また、実際に各種技術を国家基幹技術としてシステム化・統合化していくに当たっては、開発を効率的に進めるために、最終的なシステムに至る前に、開発している要素技術やソフトウェアが機能するかどうかを科学的に検証・評価するための中間的な実験を行うなど、段階を追って確認していくことが必要不可欠である。
国家基幹技術プロジェクトの推進においては、人材育成の観点を忘れてはならない。重要基盤技術や要素技術の開発を支える、基礎的・先端的な研究開発を担う人材、重要基盤技術を理解し、これらをシステム化・統合化するための総合エンジニアリング能力を持つ人材、機器やインフラを運用するオペレーターなど、多様な人材が求められており、これら人材を育成する取組を、国家基幹技術プロジェクトの推進体制の中、あるいは企業、大学等との連携を通じて進めていくことが求められる。

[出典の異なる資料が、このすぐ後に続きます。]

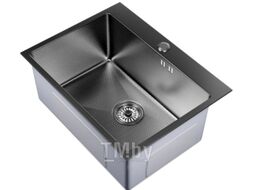 Мойка кухонная Mixline Pro 552933 (черный графит, с сифоном)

特に、グローバルな視点で多様な人材を供給することが求められる大学との連携は、大学における多角的な教育と国家基幹技術プロジェクトにおける現場での実践が非常に高い相乗効果をもたらすことが期待される。また、将来を見据え、国家基幹技術プロジェクトに大学等の若手研究者や学生を参画させるべきである。

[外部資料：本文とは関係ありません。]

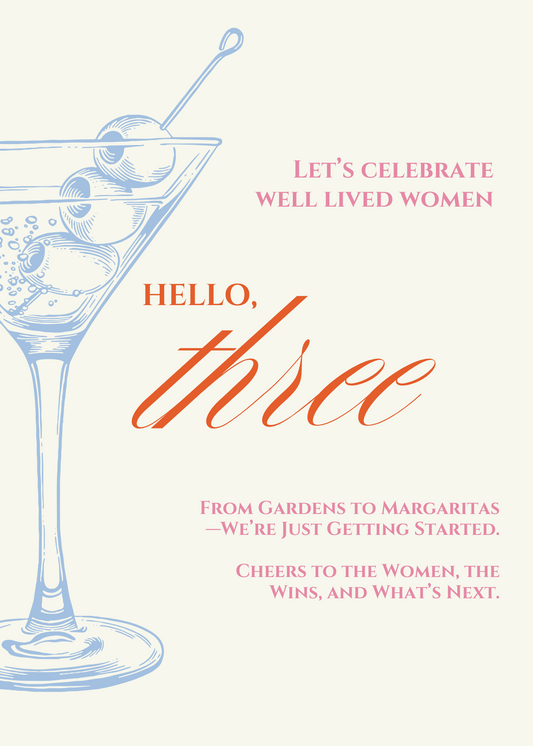 Well Lived Women's 3rd Birthday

また、将来の産業展開や国際展開を考えれば、これを担うことになる民間の役割を最大化するという視点が重要である。将来のビジネスの主体となる企業や技術移転を受けることが期待される企業が当初からプロジェクトに参画することはもちろん、当該企業がより主体的に参画するよう、企業からの資金や人材がプロジェクト遂行に積極的に導入されるような仕組みを構築すべきである。
以上を踏まえ、以下に国家基幹技術プロジェクトを推進するための体制について提示する。
○各国家基幹技術プロジェクトの推進体制
○重要基盤技術の開発体制
さらに、以上のプロジェクトごとの推進と重要基盤技術の開発の推進を一体的に行うことが極めて重要であり、これらを一体的にマネジメントする仕組みや、プロジェクトの立案や進捗について適切にフォローアップを行う仕組みを導入することが必要である。今後のいち早い国家基幹技術プロジェクトの実行を期待するとともに、実行の際に適切なフォローアップ体制を構築することを求める。